Генеральша взвизгнула и в отчаянии смотрела на Фому Фомича, протянув к нему руки. Девица Перепелицына бросилась ее поддерживать. Приживалки окаменели на своих местах. Господин Бахчеев тяжело поднялся со стула.
– Ну, началась история! – прошептал подле меня Мизинчиков.
В эту минуту послышались отдаленные раскаты грома: начиналась гроза.
IV. Изгнание
– Вы, кажется, спрашиваете, полковник: «что это значит?» – торжественно проговорил Фома, как бы наслаждаясь всеобщим смущением. – Удивляюсь вопросу! Разъясните же мне, с своей стороны, каким образом вы в состоянии смотреть теперь мне прямо в глаза? разъясните мне эту последнюю психологическую задачу из человеческого бесстыдства, и тогда я уйду, по крайней мере обогащенный новым познанием об испорченности человеческого рода.
Но дядя не в состоянии был отвечать: он смотрел на Фому испуганный и уничтоженный, раскрыв рот, с выкатившимися глазами.
– Господи! какие страсти-с! – простонала девица Перепелицына.
– Понимаете ли, полковник, – продолжал Фома, – что вы должны отпустить меня теперь, просто и без расспросов? В вашем доме даже я, человек пожилой и мыслящий, начинаю уже серьезно опасаться за чистоту моей нравственности. Поверьте, что ни к чему не поведут расспросы, кроме вашего же посрамления.
– Фома! Фома!.. – вскричал дядя, и холодный пот показался на лбу его.
– И потому позвольте без объяснений сказать вам только несколько прощальных и напутственных слов, последних слов моих в вашем, Егор Ильич, доме. Дело сделано, и его не воротишь! Я надеюсь, что вы понимаете, про какое дело я говорю. Но умоляю вас на коленях: если в сердце вашем осталась хотя искра нравственности, обуздайте стремление страстей своих! И если тлетворный яд еще не охватил всего здания, то, по возможности, потушите пожар!
– Фома! уверяю тебя, что ты в заблуждении! – вскричал дядя, мало-помалу приходя в себя и с ужасом предчувствуя развязку.
– Умерьте страсти, – продолжал Фома тем же торжественным тоном, как будто и не слыхав восклицания дяди, – побеждайте себя. «Если хочешь победить весь мир – победи себя!» Вот мое всегдашнее правило. Вы помещик; вы должны бы сиять, как бриллиант, в своих поместьях, и какой же гнусный пример необузданности подаете вы здесь своим низшим! Я молился за вас целые ночи и трепетал, стараясь отыскать ваше счастье. Я не нашел его, ибо счастье заключается в добродетели…

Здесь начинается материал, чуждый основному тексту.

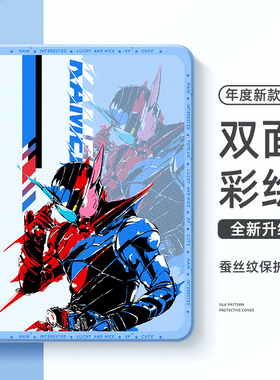 适用华为平板matepadair保护套matepad11.5s荣耀平板9pro柔光版se保护壳m6带笔槽x8假面骑士v7青春c5e畅享2m3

– Но это невозможно же, Фома! – снова прервал его дядя. – Ты не так понял и не то совсем говоришь…
– Итак, вспомните, что вы помещик, – продолжал Фома, опять не слыхав восклицания дяди. – Не думайте, чтоб отдых и сладострастие были предназначением помещичьего звания. Пагубная мысль! Не отдых, а забота, и забота перед Богом, царем и отечеством! Трудиться, трудиться обязан помещик, и трудиться, как последний из крестьян его!
– Что ж, я пахать за мужика, что ли, стану? – проворчал Бахчеев. – Ведь и я помещик…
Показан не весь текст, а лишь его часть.